14. An adjustable, three-blade blind duster capable of cleaning the grimiest blinds — we're talking top and bottom — in one fell swoop. This way, you won't be engulfed by a cloud of dust every time you crack them open.
15. A pack of pre-moistened screen cleaning cloths so you can give your TV a little TLC before you sit down and watch some TLC.
16. An automatic lavender-scented toilet bowl cleaner that not only deodorizes, but prevents nasty rings and stains for up to two weeks.
17. A drill brush attachment kit so you can blast away dirt and grime with little elbow grease but lots of power-tool-enabled muscle.
18. A bottle of powdered Bar Keepers Friend that'll cut through years of dirt, hard water stains, and rust with such ease, reviewers say the only explanation is witchcraft.
19. A Chom Chom roller to put your regular ol' lint roller to shame. Forget ripping off sheets till you run out — this collects everything in a neat little compartment you simply empty out.
20. A pack of bottle-cleaning tablets that take your go-to water bottle from nasty to gleaming in just minutes. Idk who needs to hear this, but "rinsing" it with water everyday isn't enough. 😔
21. A fur-eliminating broom capable of squeegeeing enough fur from your carpet that if magically animated, it would transform into one of Martha Stewart's Chow Chows.
22. A TubShroom so you don't have to worry about a wig's worth of hair accumulating in your drain every week.
23. Or, if you didn't heed my advice and get the above, a drain snake that'll help you wrestle a small animal from your bathtub.
24. The Blueland Clean Suite which comes with everything you need to give your collection an eco-friendly, cost-effective overhaul. So many pretty colors, too 😍
25. Or, if dishes are your main area of concern, a Clean Plate Club Starter Kit from Fillaree.

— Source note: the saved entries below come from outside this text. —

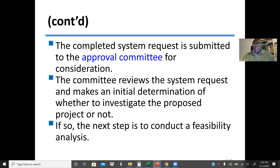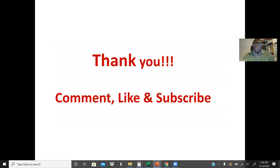They may decide not to go on with the project. But if they decide to proceed, then next will be the feasibility analysis, which will be discussed in more detail in the project management topic. This will be the end of this lecture. Thank you, and we'll see you next time.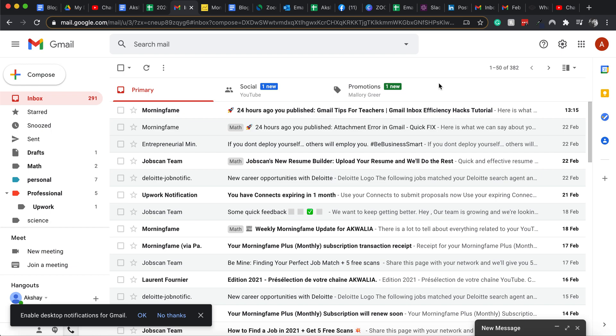Hey guys, this is AK Walia and today I'm going to talk about how to find and read emails in Gmail.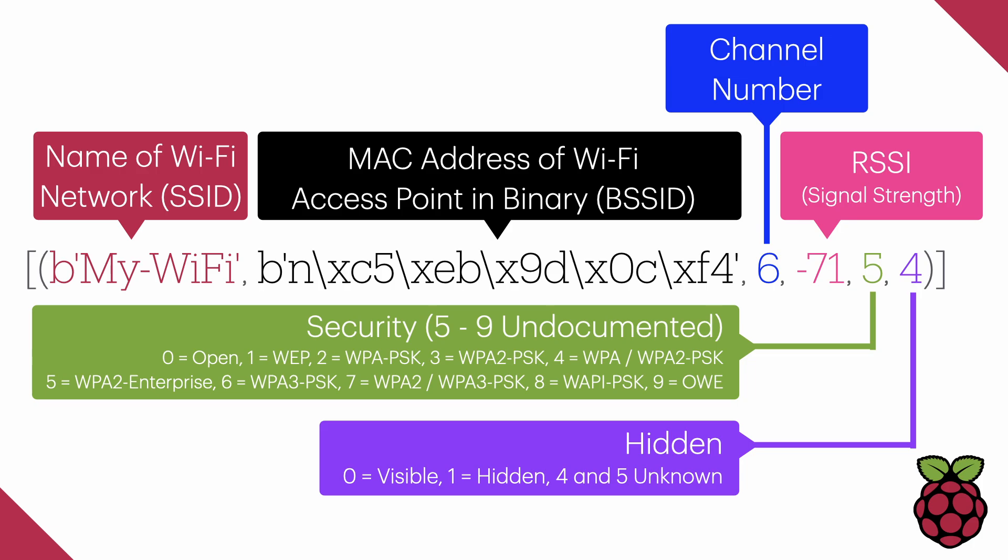Whether that's actually accurate or not, to be determined, but when I did a Wi-Fi scan of my iPhone, it came up as five. On MicroPython, it lists only up to four.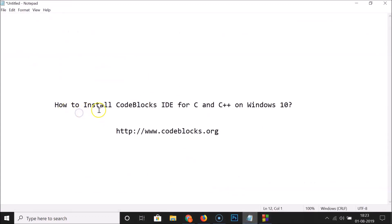In this way you can easily install Code::Blocks IDE for C and C++ on Windows 10. Thanks for watching — if you like my videos please support this channel by subscribing. Thanks, bye!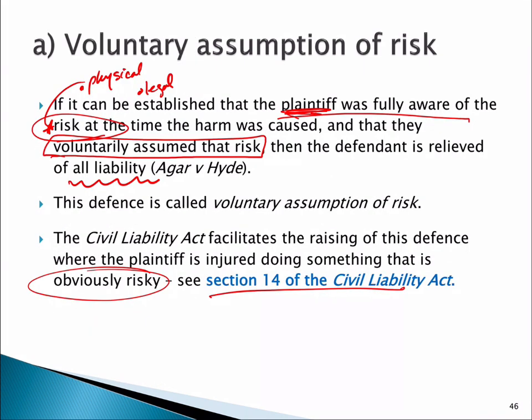Although this defence isn't used much, it's important to understand it's there, and it leads us into the second defence, which is used more readily — contributory negligence — in our next vodcast.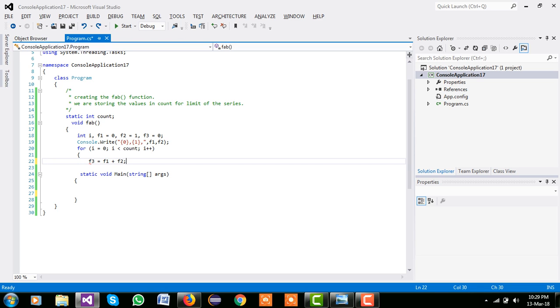Now we are getting the f3 equal to f1 plus f2. Simple, we are using their f3 equal to 0, f1 equal to 0, and f2 equal to 1.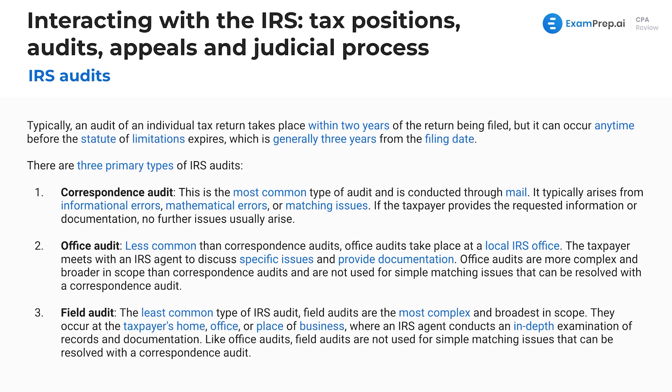Now let's talk about the primary types of audits. First is the correspondence audit, which is the most common type — it's simply back-and-forth mailing or sometimes done over Zoom. It typically arises from informational errors, mathematical errors, or matching issues. If the taxpayer provides the requested information or documentation, there are usually no further issues.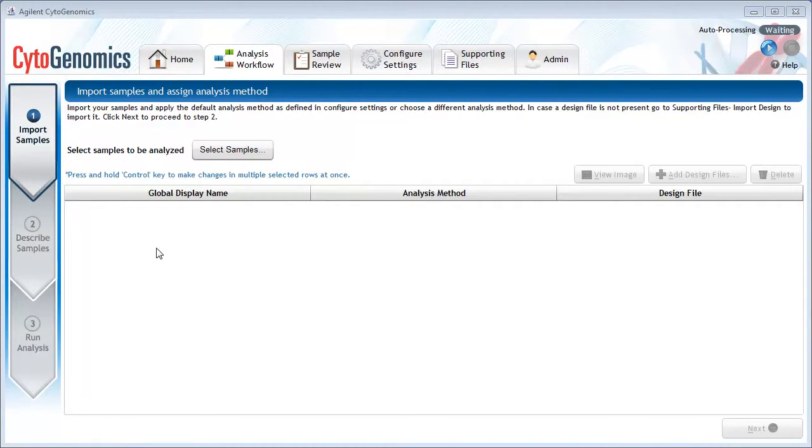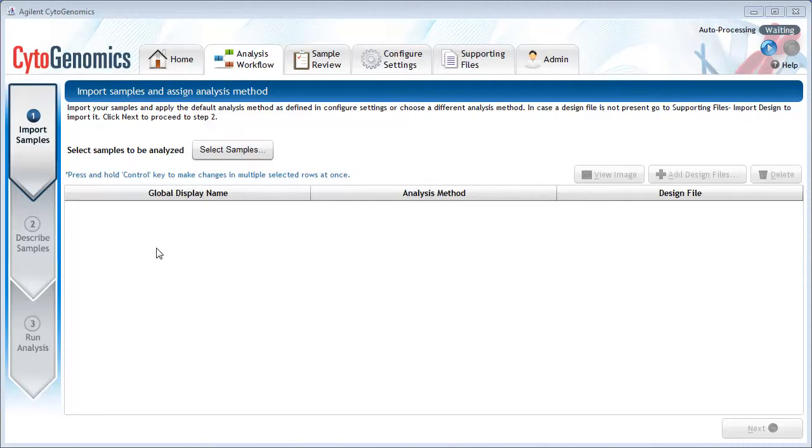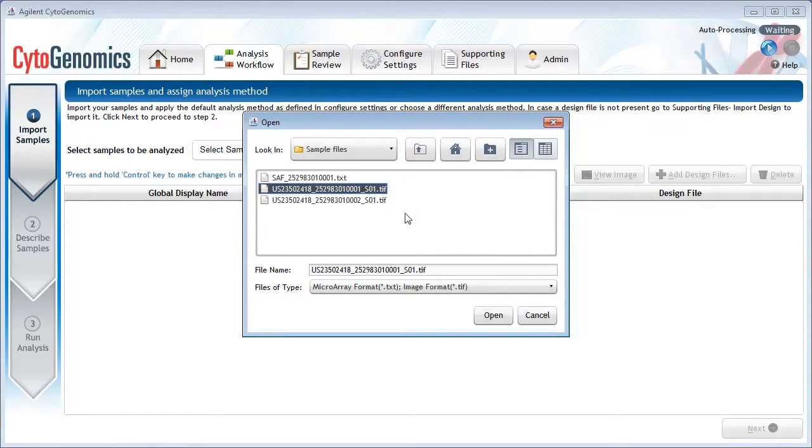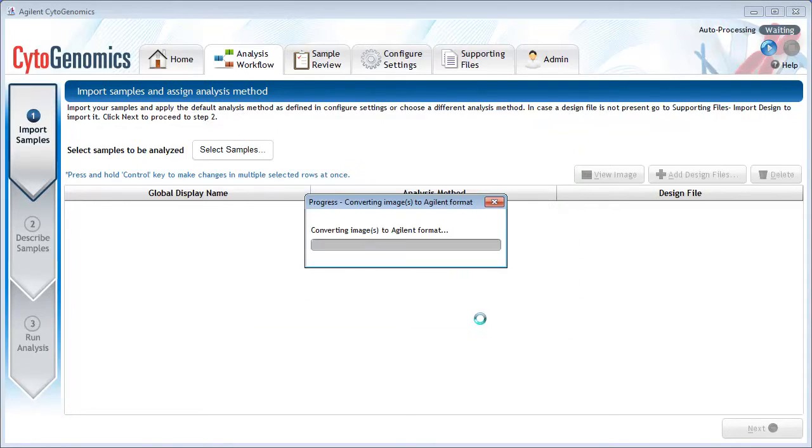The first step is to import the samples. The sample files can be TIFF images from the microarray scanner or feature extracted text files. Click Select Samples and browse to the folder that contains your sample file. I'm going to select this TIFF image and click Open.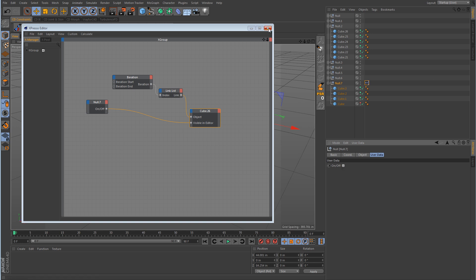So that's the iteration node and how it works. You can see that it saves you a lot of time and your XPresso editor window looks a lot better. We didn't have to spend all the time hooking up all of those connections between all the various ports on all of those cubes we originally dragged in. If you have any questions, feel free to comment below and I'll try to answer all of them. As always, thank you guys for watching - I'll see you in the next tutorial.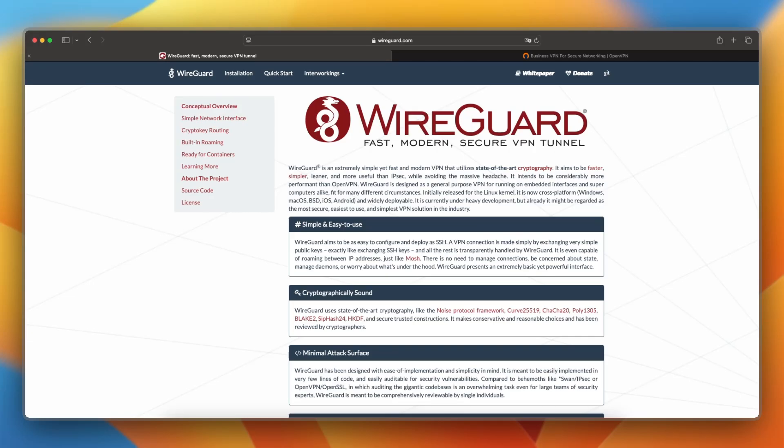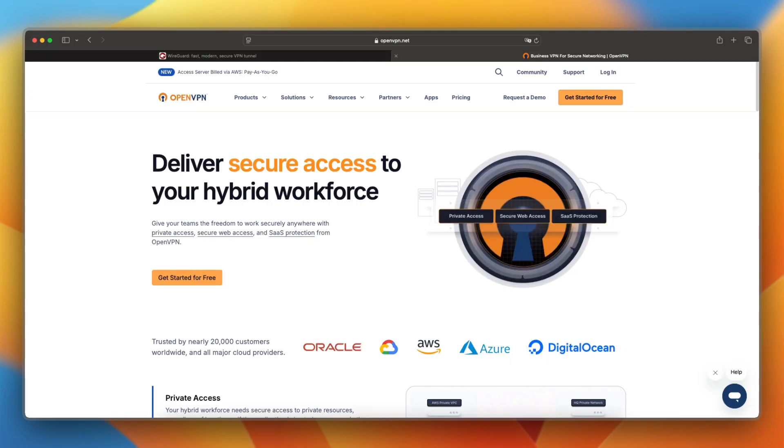In this video, I will compare WireGuard and OpenVPN to help you decide which VPN protocol is the right choice for performance, security, and compatibility.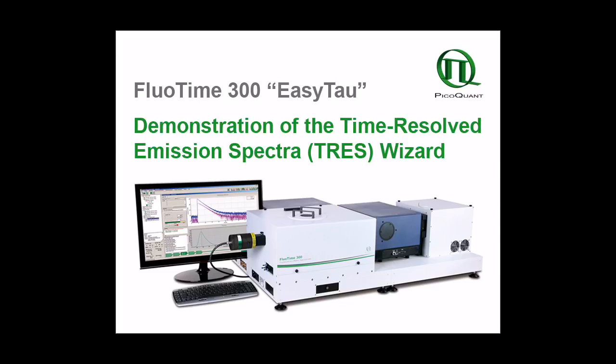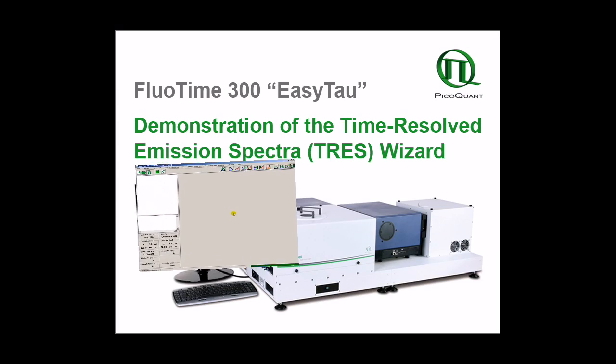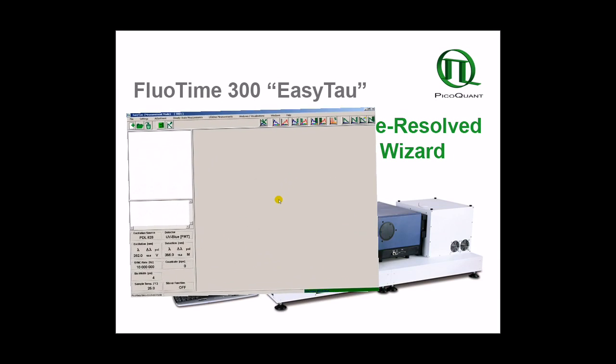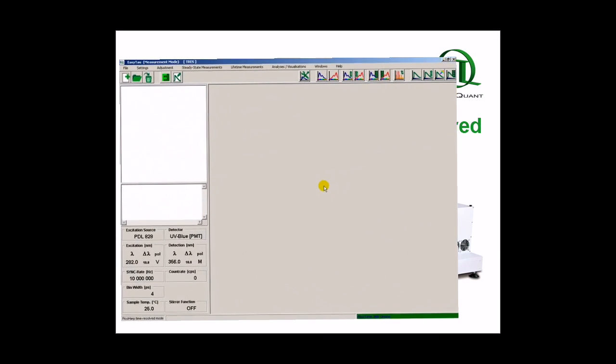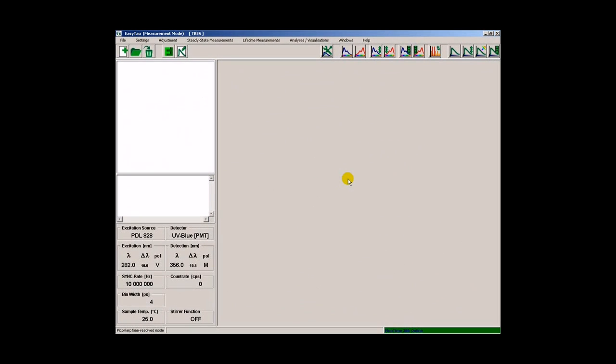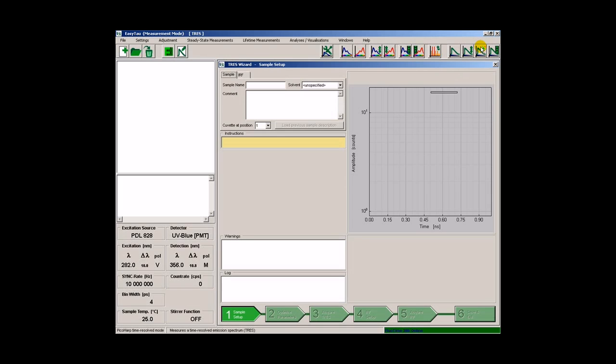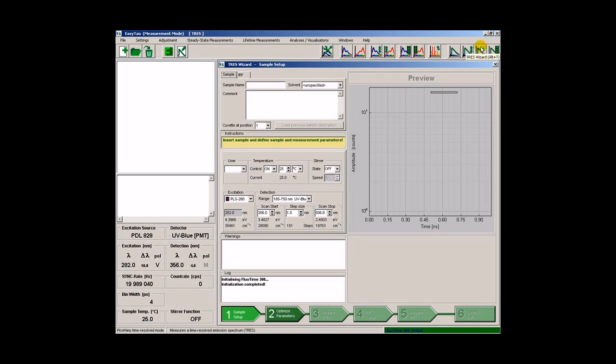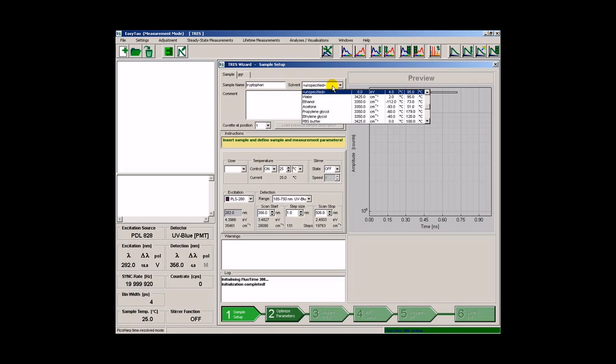In this example, we will record the time-resolved emission spectrum of tryptophan. We will start by calling the TRESS wizard. The first step is to input the sample name and select the solvent.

26. A self-cleaning Litter-Robot which not only saves you from scooping poop, but gives you an excuse to send Star Wars-themed Snapchats of your cat.
27. A Little Green carpet cleaner capable of sucking up a mess of any caliber. Be warned, though: Reviewers say once you start, you won't stop.
28. An Angry Mama microwave cleaner that, once filled with water and a dash of vinegar, will steam clean the grimiest of appliances. Hot Pocket grease, butter splatters, and burnt popcorn smells are no match for her.
29. A Clorox toilet wand with disposable scrubbing pads you can plop into the trash the second you're done cleaning. No more poo particles just sitting around on your toilet brush. 🙅♀️
30. A sleek air purifier that doesn't just suck up whatever pollutants are swirling around in your home — it DESTROYS them on a molecular level. (Man I love science 😌)
31. A Dawn Powerwash starter kit that will help cut through grease and caked on messes. If your partner/roommate/dishwashing pal has a tendency to let things "soak" overnight, gift them a bottle of the good stuff.
32. A bottle of Goo Gone gel spray because nobody — and I mean nobody — wants to deal with the residue left behind by stickers and other lousy adhesives. Plus, it comes with a little scraping tool so you won't chip a nail or snap a debit card in half while trying to finish the job.
33. A pack of Mr. Clean Magic Erasers that somehow, someway remove whatever mess you put them up against. Good news for those with kiddos who've ever had unsupervised time with a (stolen) Sharpie!
34. An eco-friendly carpet and upholstery deodorizer to hide the fact that you've dumped lo mein on your rug not once, not twice, but thrice.
35. A set of scratch-free, odor-resistant Scrub Daddy sponges that — thanks to their ingenious design and indisputable results — quickly became a Shark Tank success story. The sponge's proprietary foam is firm when used with cold water, and soft when used with warm water.
36. A vacuum attachment you can use to suck lint out of your dryer because 1. Things are taking wayyyyy too long to dry and 2. This Is Us has given you a *major* fear of house fires. (I know that was from a different appliance but it stands.)
37. A grout pen that deposits long-lasting, nontoxic ink that'll erase years of stains. If you've scrubbed, scrubbed, and scrubbed some more — all without result — then submit to the stains and just get this.